For this exercise, return only the lines in the records below from the one holding "Anthropologie Ruffled Boat Neck" through the one holding "Kadın Legging sahte", including both, exactly as they appear and without pictures.

Data shown ::

◆ ◆ ◆ ◆ ◆ ◆ ◆

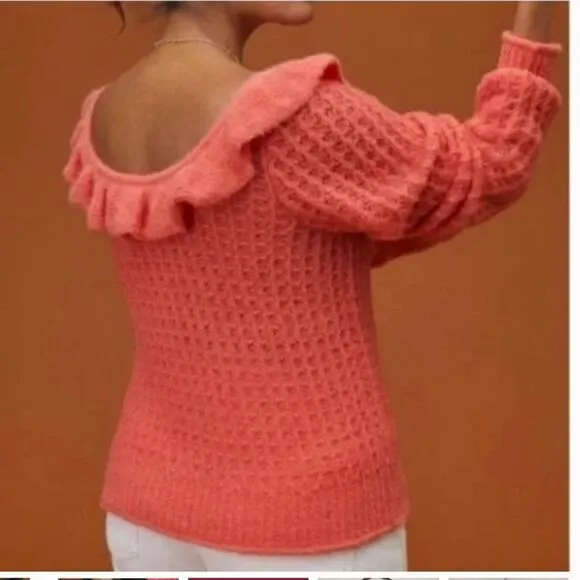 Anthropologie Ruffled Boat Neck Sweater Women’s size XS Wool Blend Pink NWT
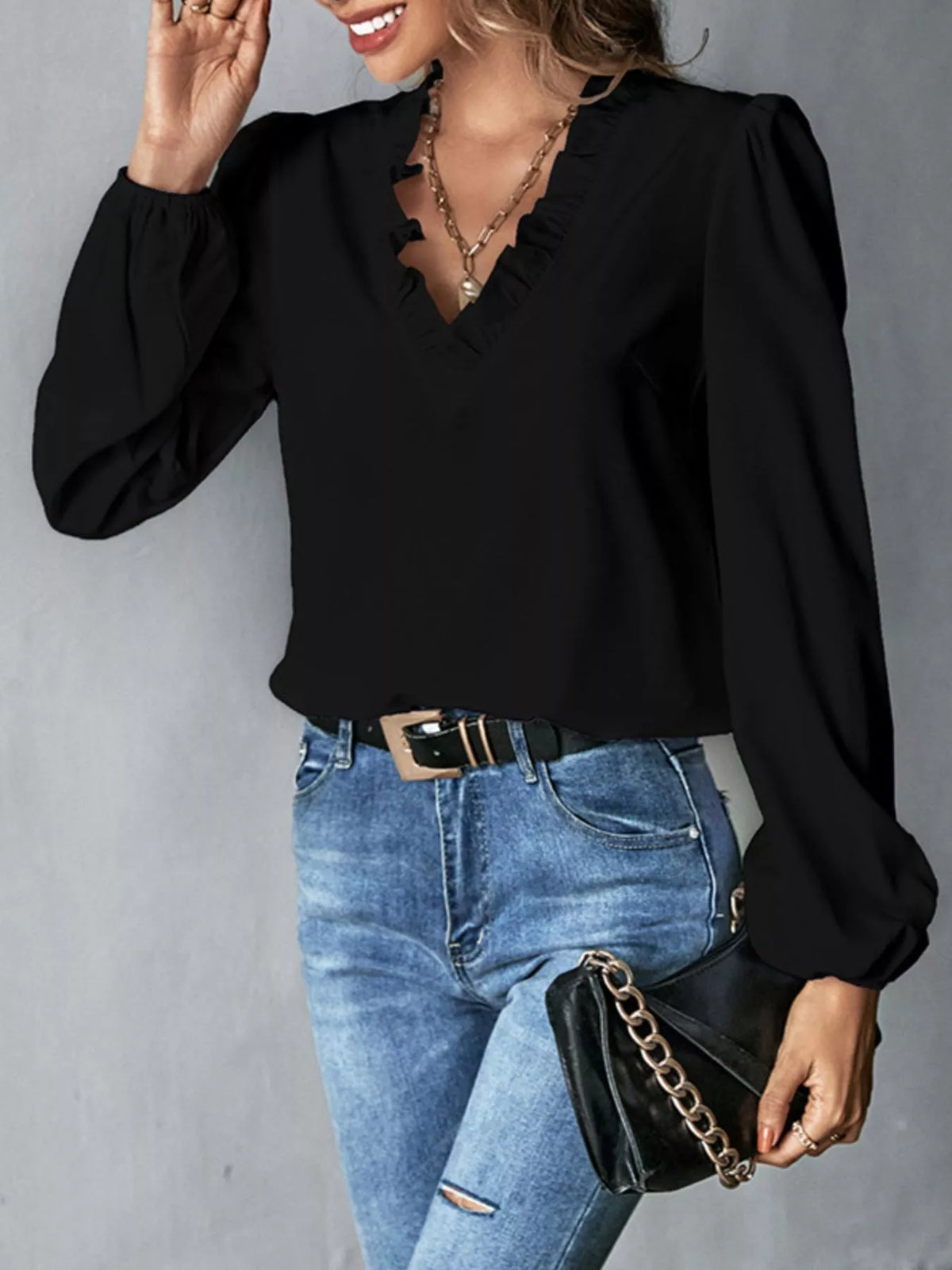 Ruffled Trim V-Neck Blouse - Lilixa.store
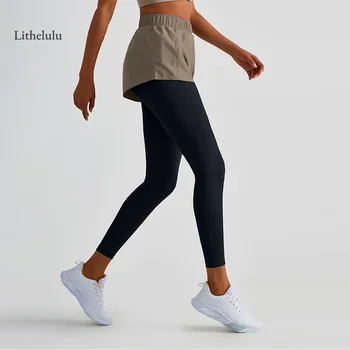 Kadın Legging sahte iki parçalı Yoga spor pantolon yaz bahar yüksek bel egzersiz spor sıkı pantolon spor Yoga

◆ ◆ ◆ ◆ ◆ ◆ ◆

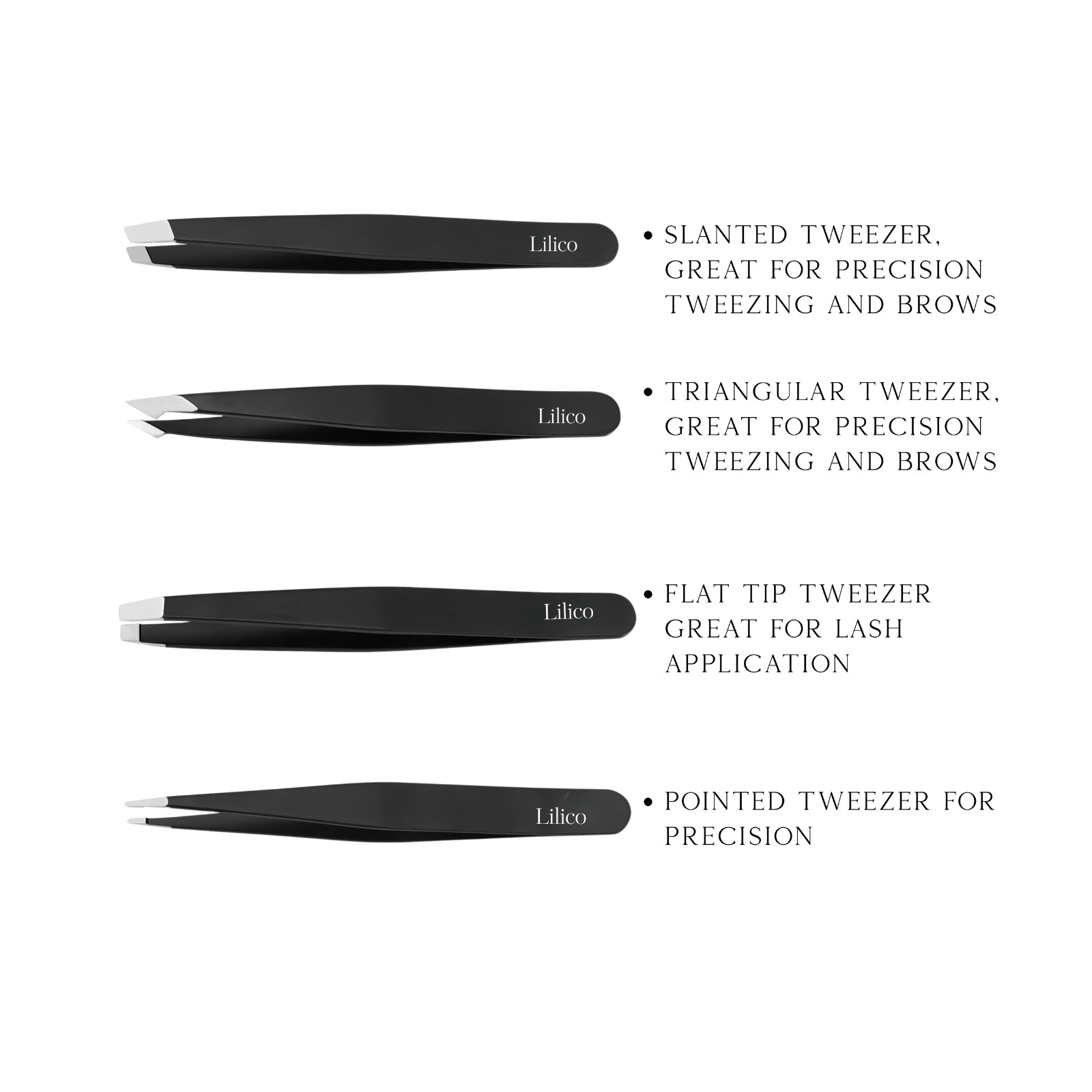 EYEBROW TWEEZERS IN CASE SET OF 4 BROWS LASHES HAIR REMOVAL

◆ ◆ ◆ ◆ ◆ ◆ ◆

Result of the task ::
 Anthropologie Ruffled Boat Neck Sweater Women’s size XS Wool Blend Pink NWT
 Ruffled Trim V-Neck Blouse - Lilixa.store
 Kadın Legging sahte iki parçalı Yoga spor pantolon yaz bahar yüksek bel egzersiz spor sıkı pantolon spor Yoga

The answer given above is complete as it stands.